As Andrew, Bruce, Marc, Ish and others have correctly argued, last week’s Economic Statement wastes money that could otherwise have financed vital public programs.

Two tables in the Statement are critical to this case. Table 2.2 (page 45) estimates the costs of newly-announced tax cuts. Table 3.1 (page 73) estimates the costs of all tax cuts adopted since the Conservatives came to power. The difference between the two equals the tax cuts from Budgets 2006 and 2007, which also enacted the Tax Fairness Plan.

On the corporate side, for example, $6.1 billion is the cost of cutting from the previously-budgeted rate of 18.5% to 15%. However, $14.8 billion is the full cost of going from the current rate of 21% all the way down to 15%, chopping a point off the small-business rate, and eliminating the corporate surtax.

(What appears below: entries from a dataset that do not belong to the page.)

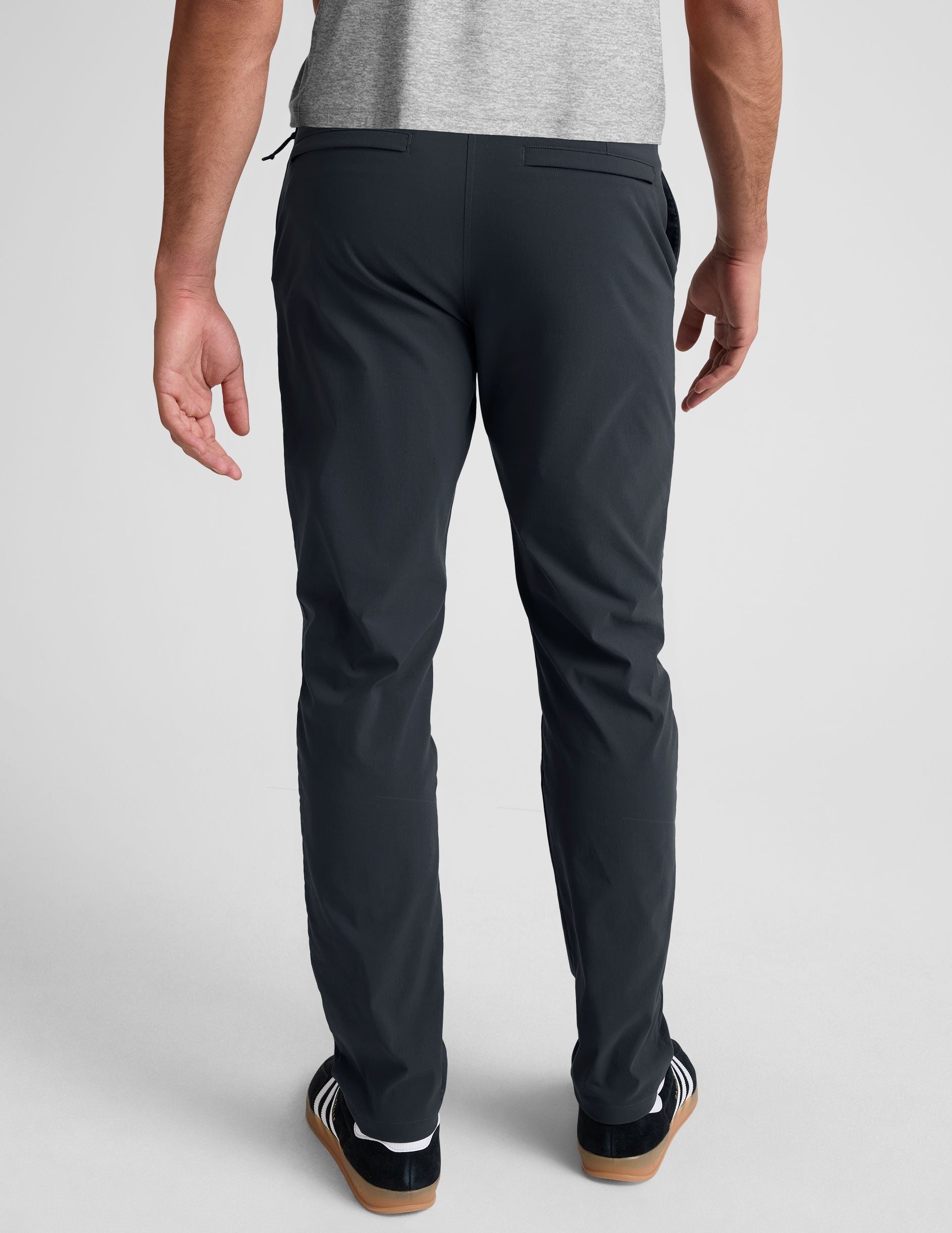 Back view of Essential Men's Chino 32" Trouser in dark gray, featuring a straight leg fit, belt loops, and welt pockets.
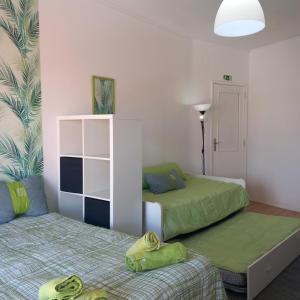 Ένα ή περισσότερα κρεβάτια σε δωμάτιο στο Lila's House
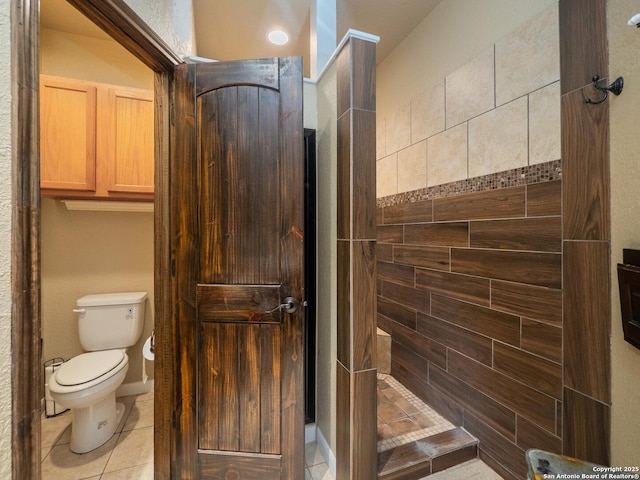 bathroom with toilet, tile patterned floors, and a tile shower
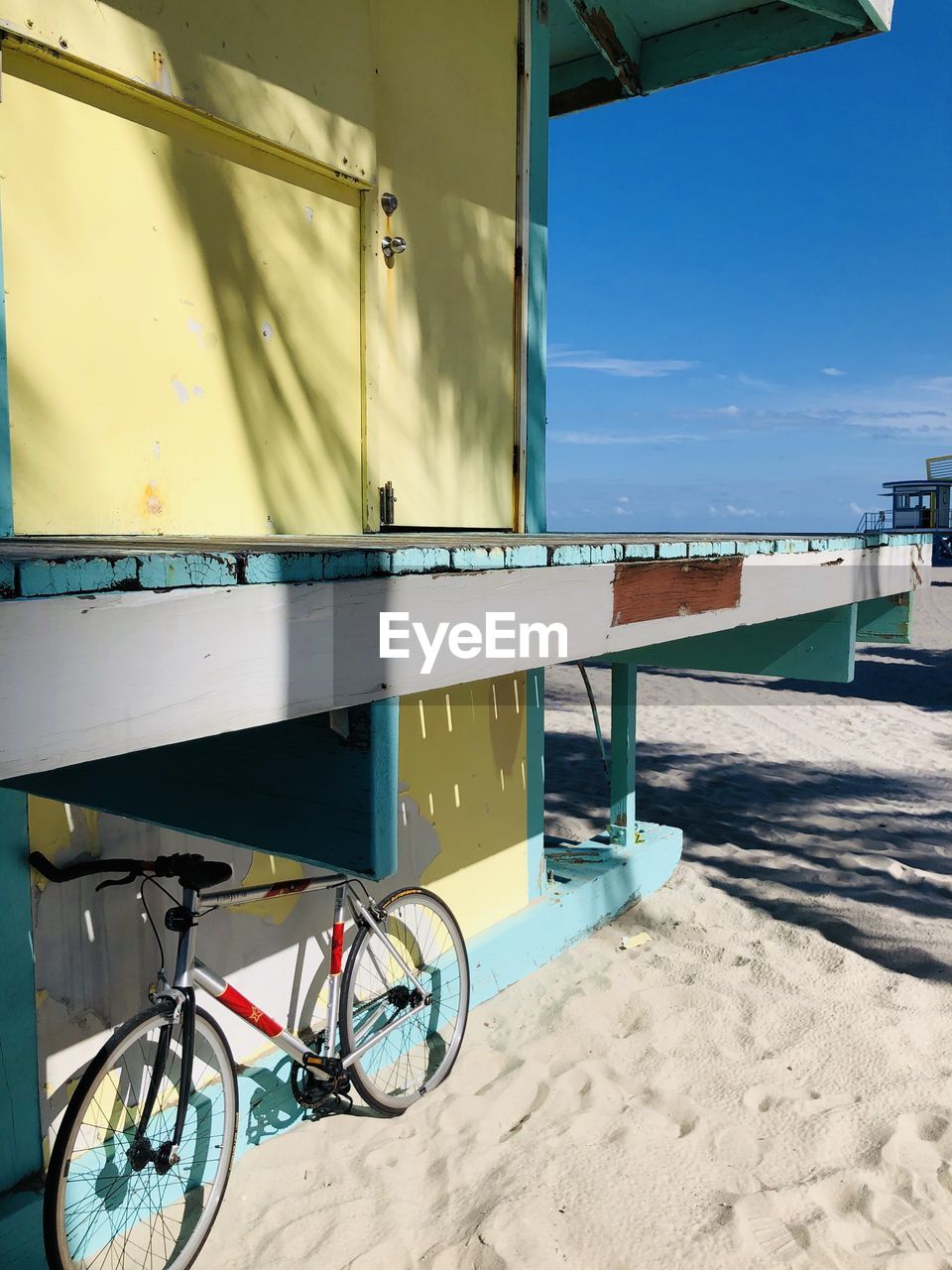 BICYCLE ON BEACH AGAINST SKY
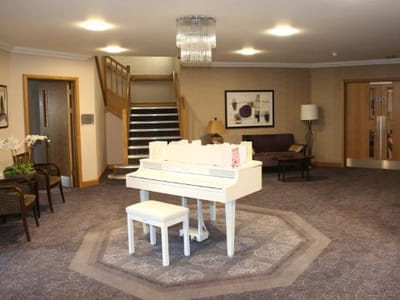 Interior of a cozy lounge area with a piano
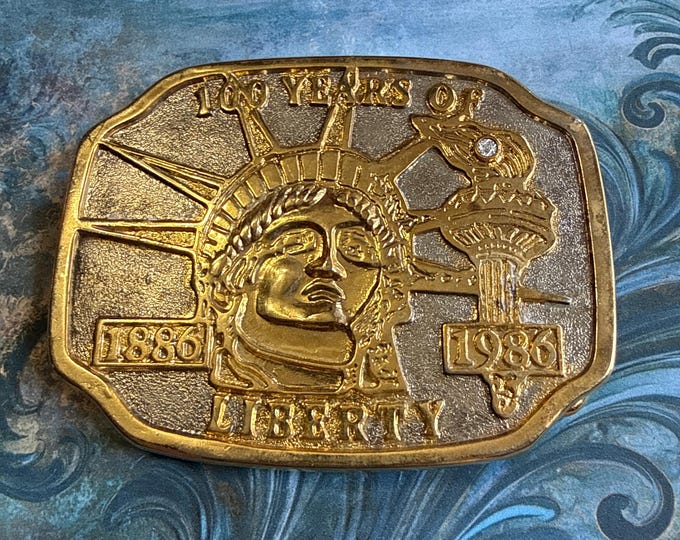 1986 Statue of Liberty commemorative belt buckle 100th anniversary with small diamond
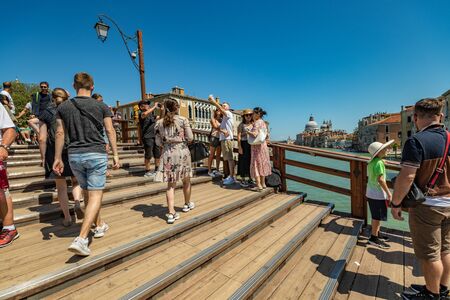 VENICE, ITALY - August 03, 2019: One of the thousands of lovely cozy corners in Venice on a clear sunny day. Locals and tourists strolling along the streets and historical buildings.のeditorial素材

The Cost of Conservative Tax Cuts in 2012-13

(billions of dollars)

 

2006 and 2007

Budgets

2007

Statement

Totals

Corporate Income

$ 8.7

$ 6.1

$14.8

Personal Income

$ 9.7

$ 1.5

$11.2

Goods and Services

$ 7.1

$ 7.1

$14.2

Totals

$25.5

$14.7

$40.2

Almost all of the corporate-income-tax cuts from Budget 2006 and some of the personal-income-tax cuts from Budget 2006, Budget 2007 and Statement 2007 were cribbed from the Liberals’ 2005 Budget and Economic Update. The GST cut was an “all Conservative” initiative that the Liberals sort of opposed, but probably would not reverse.

The pie chart on page 72 of the Statement, which received significant currency in the press, suggests that the GST cut predominated and that corporate tax cuts were the least expensive part of the program. This picture is based on summing the six fiscal years from 2007-08 through 2012-13.

The two-point GST cut looks bigger because it will be fully implemented in 2008, whereas the corporate cuts will continue through 2012. However, the annual cost of the corporate cuts will ultimately exceed that of the GST cut. In other words, the program is less populist and more favourable to Bay Street than most reports implied.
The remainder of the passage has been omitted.